Open mjpdenver opened 10 years ago

mjpdenver commented 10 years ago
  1. Does QC data need to be imported from the first sheet?
  2. On sheet 20102011FIELD_DATA_NOT_IMPORTED; can I have some clarification on how to construct a 24 character sample id. Specifically, it seems STATION INFO Contains date information. Is it correct to infer a station name from the first column with the first 4 characters extracted?
  3. Should the file NonConformativeName* be imported? If so, is date inferred from the last 8 characters of column B. Starting at line 682, should duplicates be read in?
jbeaulie commented 10 years ago

In Drew/j

  1. We can omit QC data.
  2. The first four characters in the first column indicate which district and lake the sample came from. These will be the first four characters of the 24 character sample id. I believe the remaining characters represent the sampling station, but they do not conform to the standard set of station IDs provided by USACE. Three of the names can be converted to the standard IDs according to the table below, but I will need to seek guidance on the others.

image

  1. No. The worksheet contains chemical concentrations in sediments. We will only be using water-column chemistry in the analysis.
mjpdenver commented 10 years ago

As discussed, in the station field we will allow more than 5 characters. This will also result with a sample ID of more than 24 characters. Creating an artificial 5 character station ID would require that we maintain another index to retain the orginal string. The advantage of using the originally reported name is that is potentially has meaning and is familiar to people who create the files.

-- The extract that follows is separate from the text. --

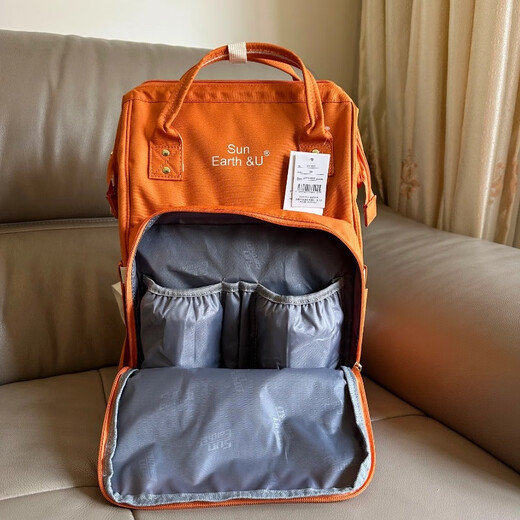 sun earth/u Japanese new multi-functional mother bag mother and baby bag lightweight large capacity mother backpack casual backpack women waterproof orange (20L)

The potentially pitfall here is that users should not re-parse the original sample ID or only do so with caution.

QC samples mentioned above will not be read in and the site name corrections will be made.

jbeaulie commented 10 years ago

We received "Corrected Site Names.xlsx" from Jade's staff on June 10, 2014. The spreadsheet indicates the correct site names.

Should we correct the site names at this point in the workflow?